* **Problem to solve**
From the entries below, reproduce exactly the lines from the one with "5638e0e538b88_GTA52015-11-0319-27-04-621" through the one with "allroad 2018 IMG 2", both included, without images.

* **Data for the task**
--------------------------------------------------
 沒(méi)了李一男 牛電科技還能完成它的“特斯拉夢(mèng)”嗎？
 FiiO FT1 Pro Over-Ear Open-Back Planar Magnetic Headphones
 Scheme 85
--------------------------------------------------
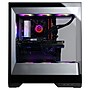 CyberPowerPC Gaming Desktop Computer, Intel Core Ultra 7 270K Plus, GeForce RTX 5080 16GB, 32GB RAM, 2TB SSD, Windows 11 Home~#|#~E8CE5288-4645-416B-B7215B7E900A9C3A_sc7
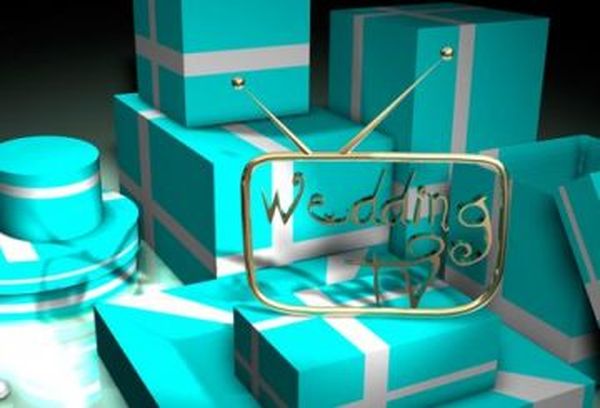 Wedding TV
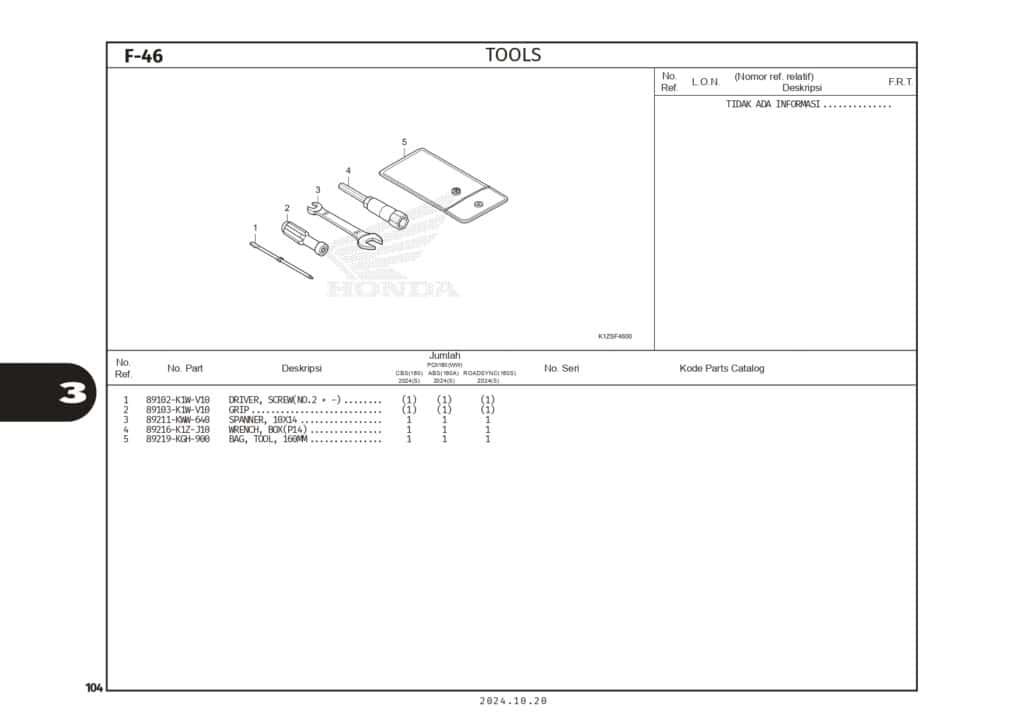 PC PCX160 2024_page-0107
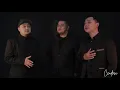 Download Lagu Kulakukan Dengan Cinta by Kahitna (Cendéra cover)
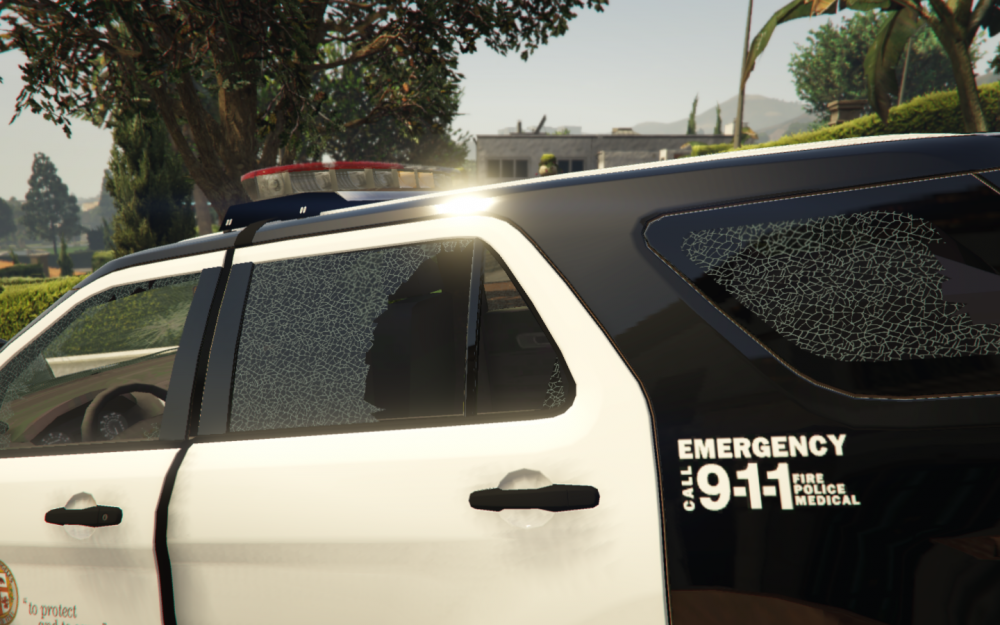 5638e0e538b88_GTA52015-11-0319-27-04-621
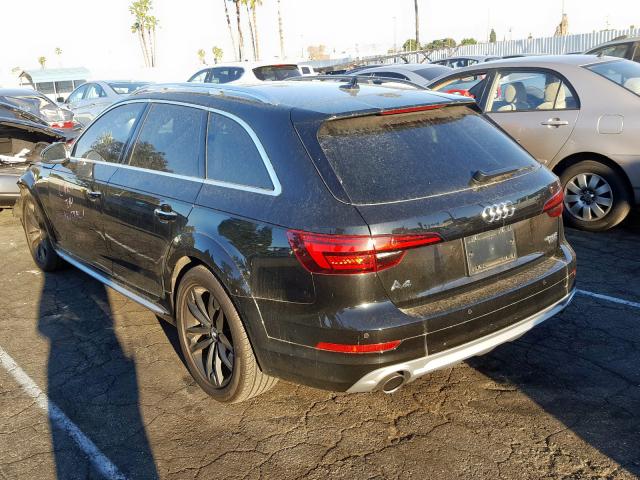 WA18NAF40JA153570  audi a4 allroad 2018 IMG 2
--------------------------------------------------
* **Finished task**
 5638e0e538b88_GTA52015-11-0319-27-04-621
 WA18NAF40JA153570  audi a4 allroad 2018 IMG 2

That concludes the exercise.